KEY DATES
Exhibition: 29 June – 14 July 2018
Walking:Holding – Performance: Friday 6 July, 6.30–9.30pm & Saturday 7 July, 3.00–9.00pm
Bubble Schmesis – Performance: Monday 9 July & Tuesday 10 July, 7.00–9.00pm, performance begins 7.30pm
ABOUT LATITUDE 36

Latitude 36 is a socially engaged transmedia arts project focusing on the Maltese diasporic community, and is part of the Valletta 2018 European Capital of Culture programme. Latitude 36 engages Maltese individuals and community groups located around the world, collecting stories and unearthing both personal and collective narratives. With the help of the Maltese diaspora, the migratory experience is placed at the core, mapping and examining migratory patterns and narratives through the visual arts. From a post-war, post-colonial perspective through to EU membership, it explores Maltese migration and captures the immigration experience of this minority group. This project has been travelling around the world since 2016, including various 1st, 2nd and 3rd generation Maltese communities in the UK and USA, and will continue gathering material through its various contacts with Embassies and High Commissions.

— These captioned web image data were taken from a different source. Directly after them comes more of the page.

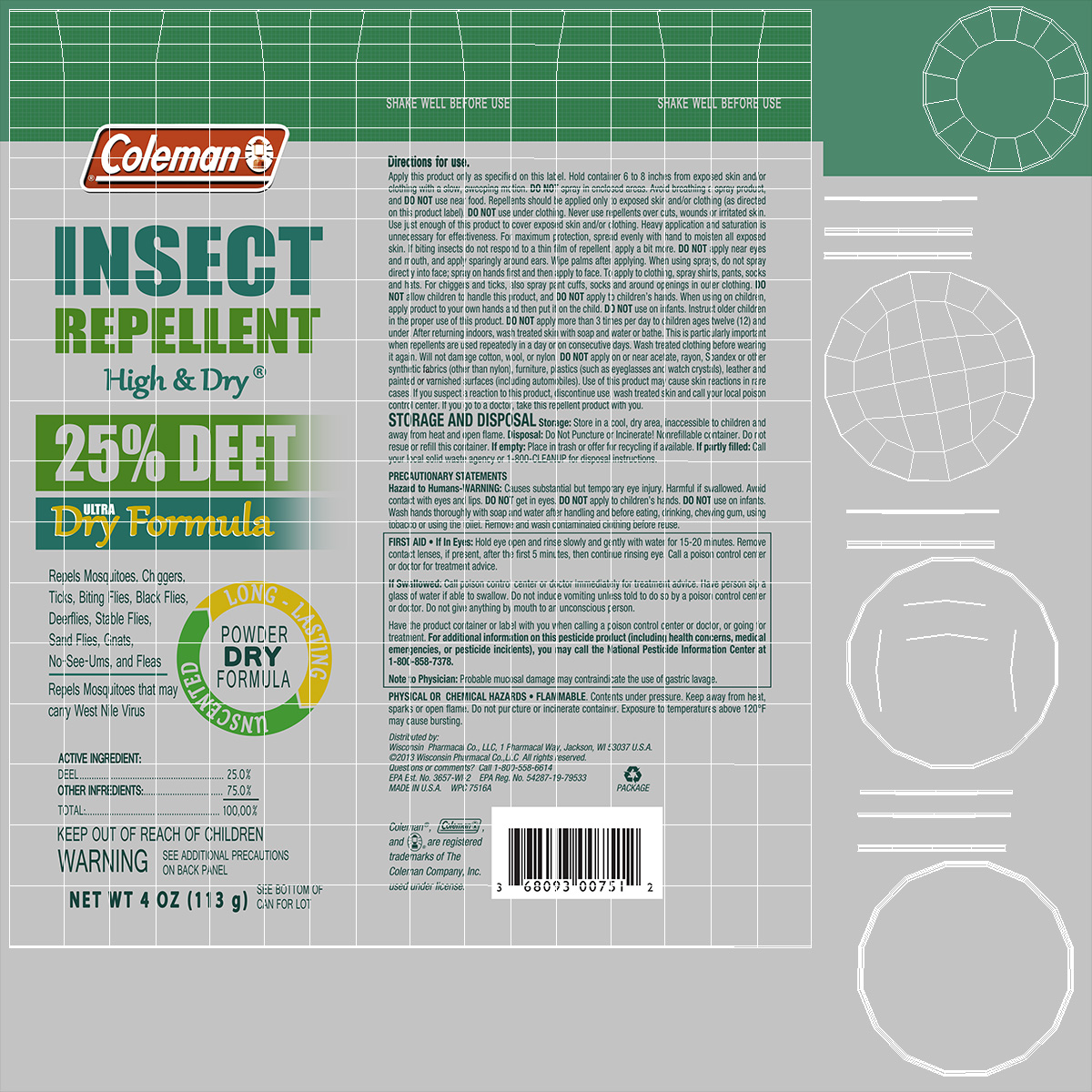 Insect Repellent Spray 3D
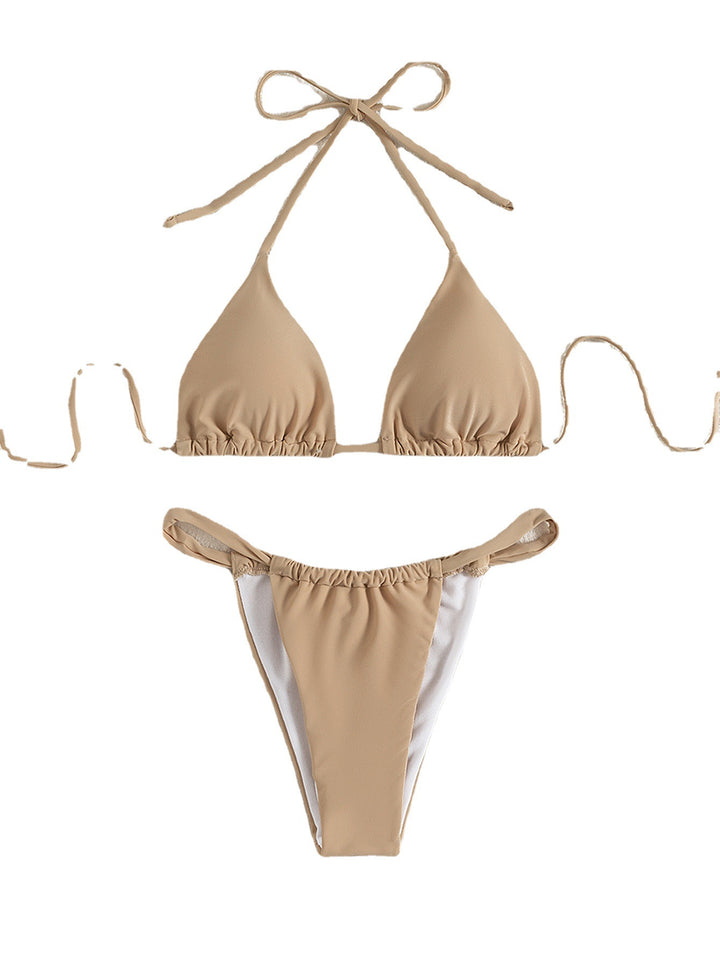 Dams Triangel-Bikini-set med högskurna trosor och justerbara band Mirla-Eva Jonsson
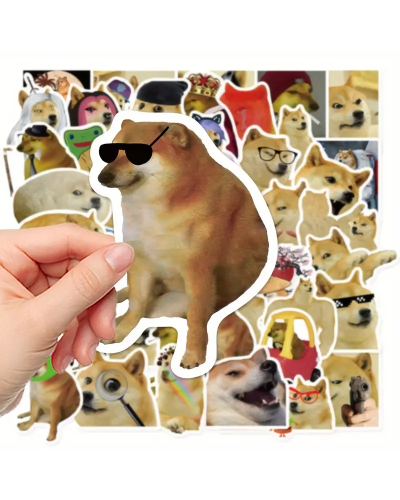 Набір стікерів "Meme Dogs" 50 шт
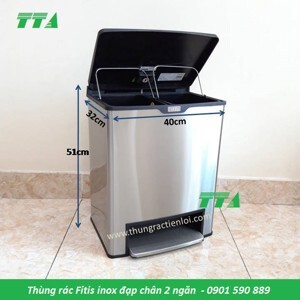 Thùng rác đạp đôi Fitis Mega SPD1-901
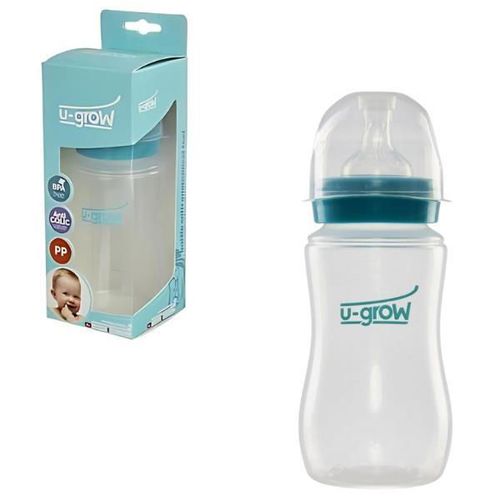 купить Поильник U-Grow UFB-330WN Biberon cu gat larg, 330 ml, de la 6 luni в Кишинёве 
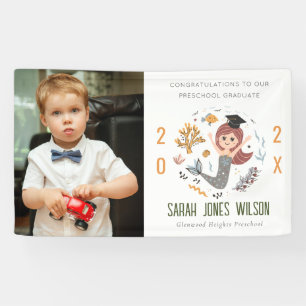 Kids Underwater Mermaid Photo Preschool Graduation Banner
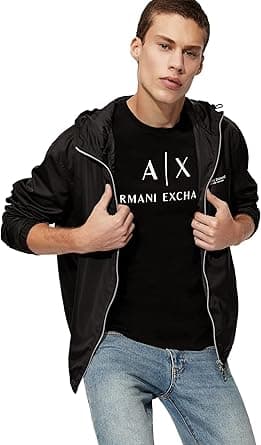 Armani Exchange Mens Logo Crew Neck Short Sleeve Jersey T-shirt T-Shirt on Amazon.ae - Price Tracker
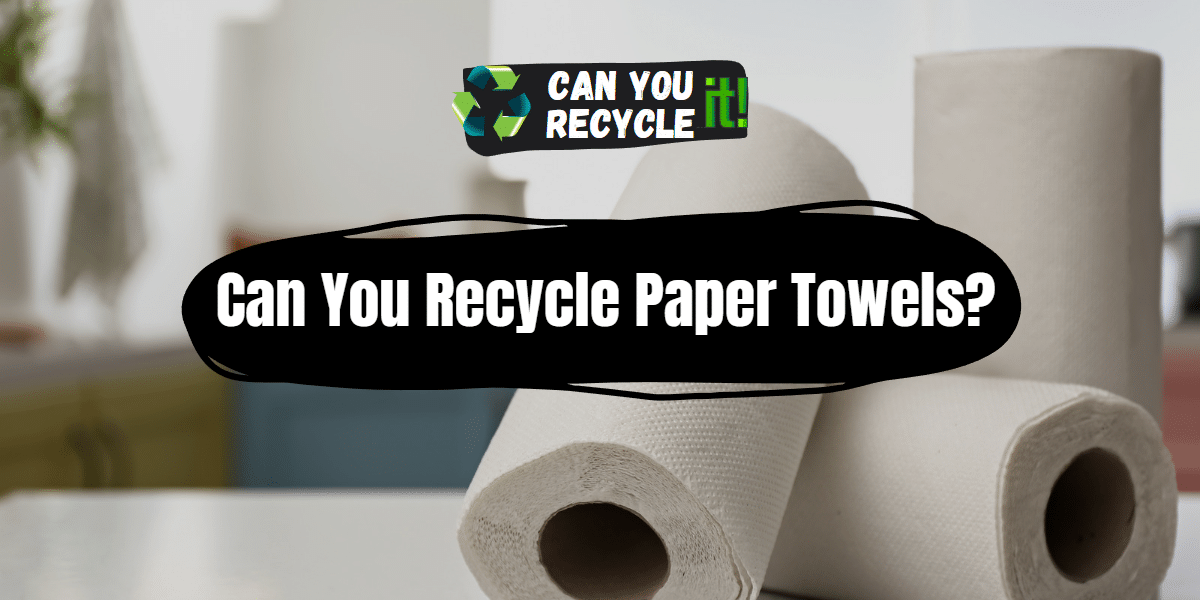 Can You Recycle Paper Towels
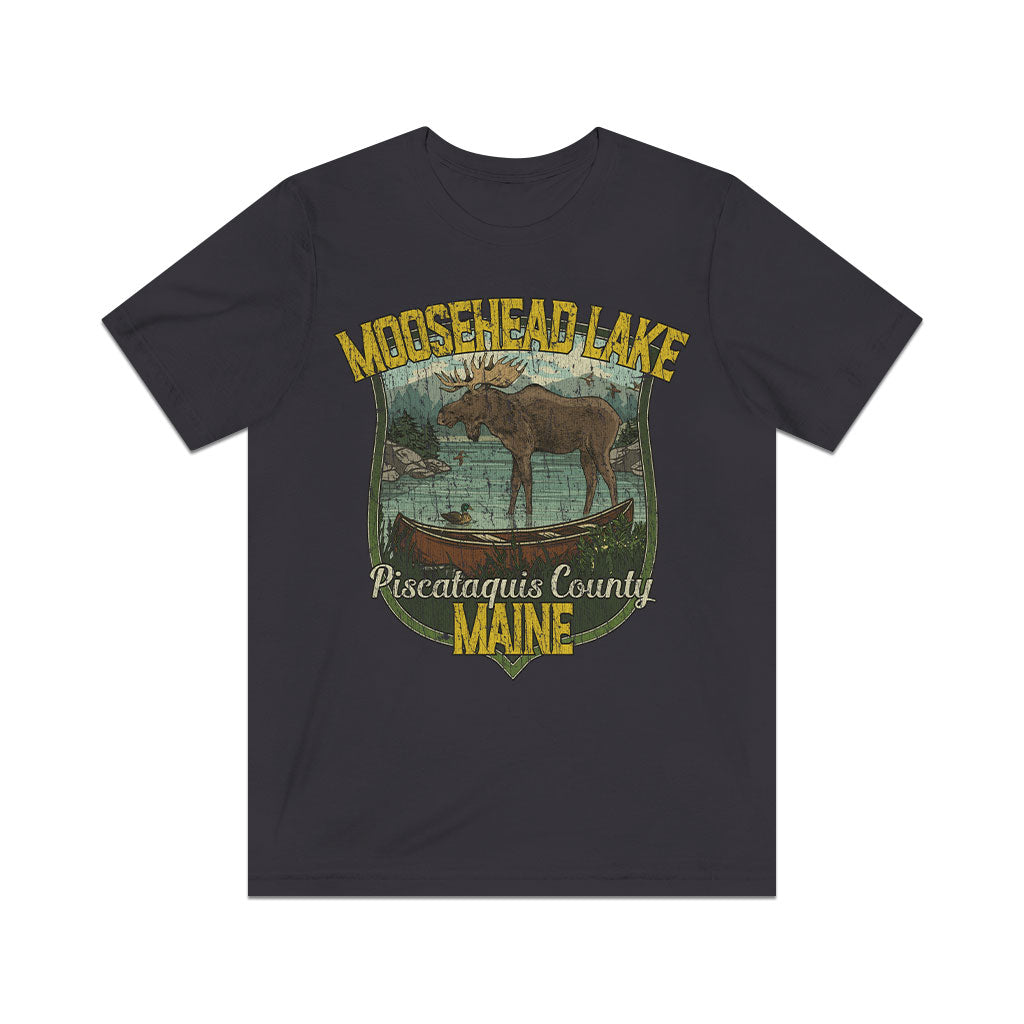 Moosehead Lake Maine 1827 Vintage Men's T-Shirt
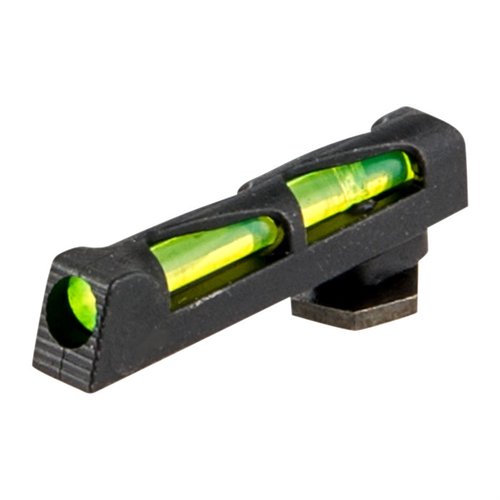 Enhance your Glock® with the durable HIVIZ LITEWAVE Front Sight, featuring a unique design for optimal light gathering and includes .080" LitePipes in red, green, and white.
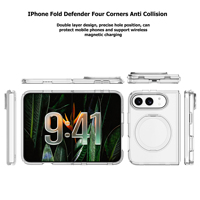 Étui de protection magnétique rotatif à 360° pour iPhone Duo Fold, en PC et TPU, anti-jaunissement, antichoc, vente en gros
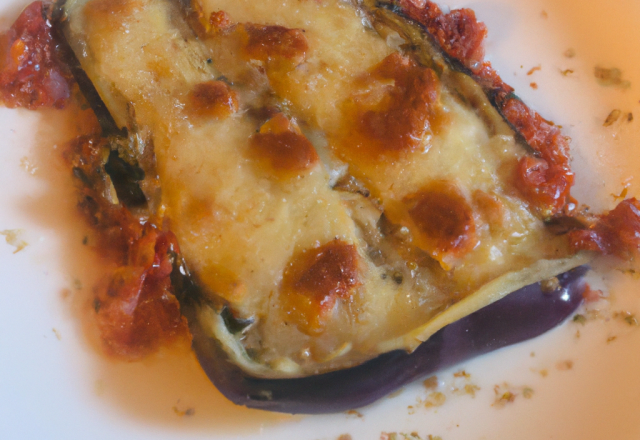 Parmigiana d'aubergine contemporaine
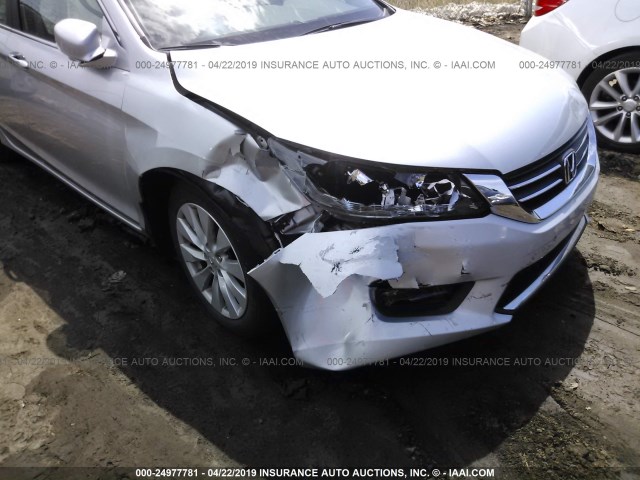 1HGCR2F88DA007145 - 2013 HONDA ACCORD EXL SILVER photo 6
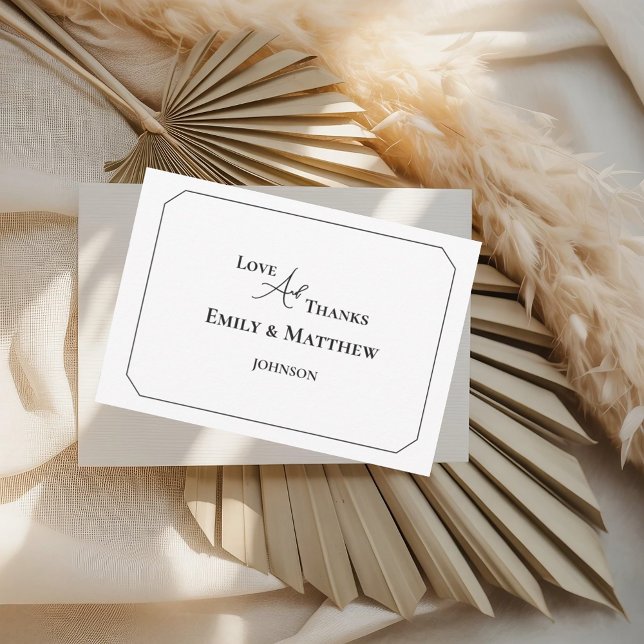 Svart tackkort för bröllop med QR-kod (Skapare uppladdad)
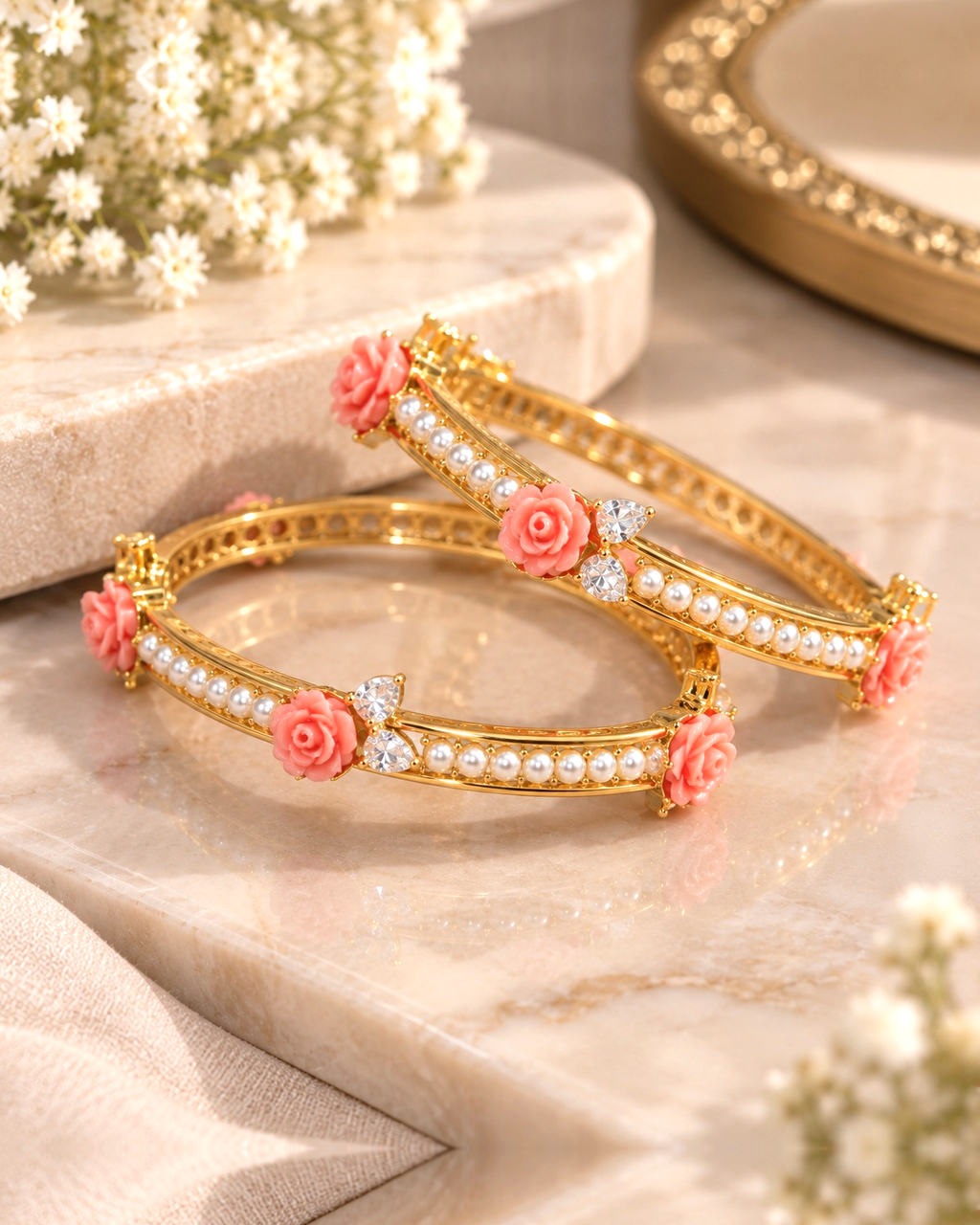 The Rose Bangles (925 Silver)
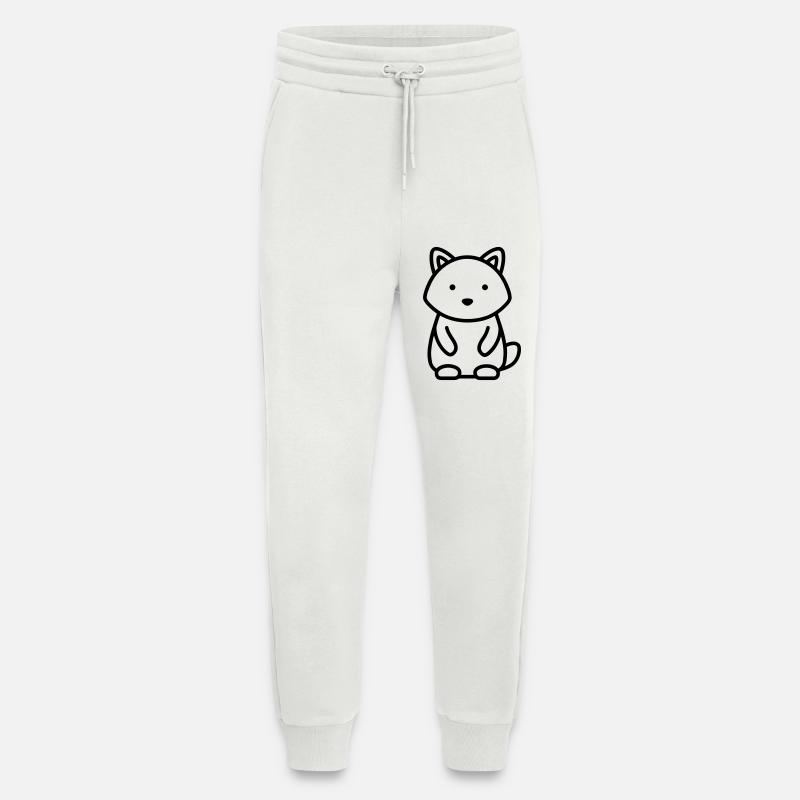 raton laveur - Pantalon de jogging bio décontracté fabriqué en UE - OFF WHITE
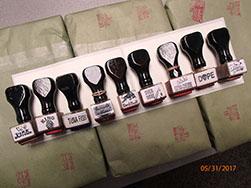 Ink stamps seized in Heroin Mill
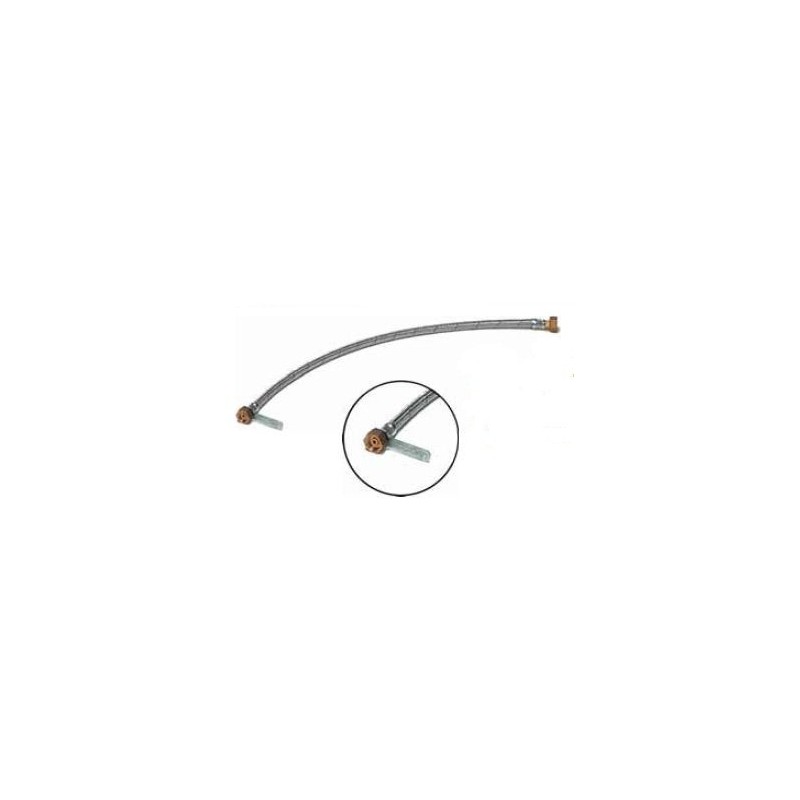 TUBO FLESSIBILE GAS RETINATO LUNGHEZZA 70 CM O...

Latitude 36 is a project stemming from Charlie Cauchi’s upbringing as a Maltese migrant’s daughter in the United Kingdom, and brings real-life stories to the forefront to create “a more honest and open debate about migration”. Charlie speaks fondly of her time growing up in London after her parents migrated there in the 70s. “I’d always been fascinated by the Maltese relationships that formed in the UK. My father had Maltese friends that we would visit and they would speak Maltese, and my father – once in a while – would maybe take me to a place where we could buy trays of pastizzi.” Although her family moved back to Malta when she was 12, she decided to move back to the UK in her 20s.

“The migration debate is so prevalent right now, not just in Europe but on both sides of the Atlantic. And of course, Malta has in recent years had to deal with and influx of migrants, which has frequently led to animosity. But what interests me is that we tend to forget that the Maltese have themselves been migrants. There are more Maltese abroad than in Malta.”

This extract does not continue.